*What to do*: The listing must be reproduced in full, exactly as it stands.
-- The data follows --
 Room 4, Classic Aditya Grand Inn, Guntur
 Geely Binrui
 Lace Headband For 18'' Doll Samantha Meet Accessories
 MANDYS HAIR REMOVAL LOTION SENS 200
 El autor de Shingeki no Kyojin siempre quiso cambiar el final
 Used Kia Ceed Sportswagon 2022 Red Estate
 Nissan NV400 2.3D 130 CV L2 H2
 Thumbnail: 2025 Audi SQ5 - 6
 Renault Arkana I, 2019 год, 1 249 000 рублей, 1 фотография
-- The data concluded --
*Result*:
 Room 4, Classic Aditya Grand Inn, Guntur
 Geely Binrui
 Lace Headband For 18'' Doll Samantha Meet Accessories
 MANDYS HAIR REMOVAL LOTION SENS 200
 El autor de Shingeki no Kyojin siempre quiso cambiar el final
 Used Kia Ceed Sportswagon 2022 Red Estate
 Nissan NV400 2.3D 130 CV L2 H2
 Thumbnail: 2025 Audi SQ5 - 6
 Renault Arkana I, 2019 год, 1 249 000 рублей, 1 фотография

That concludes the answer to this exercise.